**REQUIRED ACTION:**
Reproduce the full set of records that follow, exactly as shown.
** INFORMATION SUPPLIED follows **
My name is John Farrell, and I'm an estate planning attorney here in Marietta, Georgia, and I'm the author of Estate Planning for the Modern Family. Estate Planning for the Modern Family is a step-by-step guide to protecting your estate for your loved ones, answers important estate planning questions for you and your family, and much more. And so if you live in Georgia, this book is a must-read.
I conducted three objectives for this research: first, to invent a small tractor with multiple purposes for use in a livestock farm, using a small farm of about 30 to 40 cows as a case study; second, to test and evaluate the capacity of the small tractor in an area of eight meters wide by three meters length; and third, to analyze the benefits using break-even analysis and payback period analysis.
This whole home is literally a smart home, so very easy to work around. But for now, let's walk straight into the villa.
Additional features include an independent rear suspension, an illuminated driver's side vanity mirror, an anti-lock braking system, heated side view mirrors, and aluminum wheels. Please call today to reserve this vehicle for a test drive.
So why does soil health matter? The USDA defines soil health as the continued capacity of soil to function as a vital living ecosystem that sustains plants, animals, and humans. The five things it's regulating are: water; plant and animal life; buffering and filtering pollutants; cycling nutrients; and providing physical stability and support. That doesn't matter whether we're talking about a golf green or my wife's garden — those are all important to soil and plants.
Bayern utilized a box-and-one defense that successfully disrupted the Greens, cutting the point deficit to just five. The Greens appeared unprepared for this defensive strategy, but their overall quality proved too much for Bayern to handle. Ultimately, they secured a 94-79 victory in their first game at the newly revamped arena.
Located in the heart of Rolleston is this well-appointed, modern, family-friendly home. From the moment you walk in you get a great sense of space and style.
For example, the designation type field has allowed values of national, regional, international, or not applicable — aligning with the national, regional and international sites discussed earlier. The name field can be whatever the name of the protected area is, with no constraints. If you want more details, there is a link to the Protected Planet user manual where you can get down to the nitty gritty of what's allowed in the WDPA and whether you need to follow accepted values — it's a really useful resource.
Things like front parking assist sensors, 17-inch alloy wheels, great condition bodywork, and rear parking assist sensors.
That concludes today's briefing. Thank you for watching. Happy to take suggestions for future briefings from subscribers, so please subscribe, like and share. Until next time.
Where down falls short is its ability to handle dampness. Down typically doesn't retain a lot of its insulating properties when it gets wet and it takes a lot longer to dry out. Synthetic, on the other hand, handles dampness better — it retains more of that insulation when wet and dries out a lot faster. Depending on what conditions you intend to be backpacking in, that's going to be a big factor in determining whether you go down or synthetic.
** End of INFORMATION SUPPLIED **
**ANSWER TO THE EXERCISE:**
My name is John Farrell, and I'm an estate planning attorney here in Marietta, Georgia, and I'm the author of Estate Planning for the Modern Family. Estate Planning for the Modern Family is a step-by-step guide to protecting your estate for your loved ones, answers important estate planning questions for you and your family, and much more. And so if you live in Georgia, this book is a must-read.
I conducted three objectives for this research: first, to invent a small tractor with multiple purposes for use in a livestock farm, using a small farm of about 30 to 40 cows as a case study; second, to test and evaluate the capacity of the small tractor in an area of eight meters wide by three meters length; and third, to analyze the benefits using break-even analysis and payback period analysis.
This whole home is literally a smart home, so very easy to work around. But for now, let's walk straight into the villa.
Additional features include an independent rear suspension, an illuminated driver's side vanity mirror, an anti-lock braking system, heated side view mirrors, and aluminum wheels. Please call today to reserve this vehicle for a test drive.
So why does soil health matter? The USDA defines soil health as the continued capacity of soil to function as a vital living ecosystem that sustains plants, animals, and humans. The five things it's regulating are: water; plant and animal life; buffering and filtering pollutants; cycling nutrients; and providing physical stability and support. That doesn't matter whether we're talking about a golf green or my wife's garden — those are all important to soil and plants.
Bayern utilized a box-and-one defense that successfully disrupted the Greens, cutting the point deficit to just five. The Greens appeared unprepared for this defensive strategy, but their overall quality proved too much for Bayern to handle. Ultimately, they secured a 94-79 victory in their first game at the newly revamped arena.
Located in the heart of Rolleston is this well-appointed, modern, family-friendly home. From the moment you walk in you get a great sense of space and style.
For example, the designation type field has allowed values of national, regional, international, or not applicable — aligning with the national, regional and international sites discussed earlier. The name field can be whatever the name of the protected area is, with no constraints. If you want more details, there is a link to the Protected Planet user manual where you can get down to the nitty gritty of what's allowed in the WDPA and whether you need to follow accepted values — it's a really useful resource.
Things like front parking assist sensors, 17-inch alloy wheels, great condition bodywork, and rear parking assist sensors.
That concludes today's briefing. Thank you for watching. Happy to take suggestions for future briefings from subscribers, so please subscribe, like and share. Until next time.
Where down falls short is its ability to handle dampness. Down typically doesn't retain a lot of its insulating properties when it gets wet and it takes a lot longer to dry out. Synthetic, on the other hand, handles dampness better — it retains more of that insulation when wet and dries out a lot faster. Depending on what conditions you intend to be backpacking in, that's going to be a big factor in determining whether you go down or synthetic.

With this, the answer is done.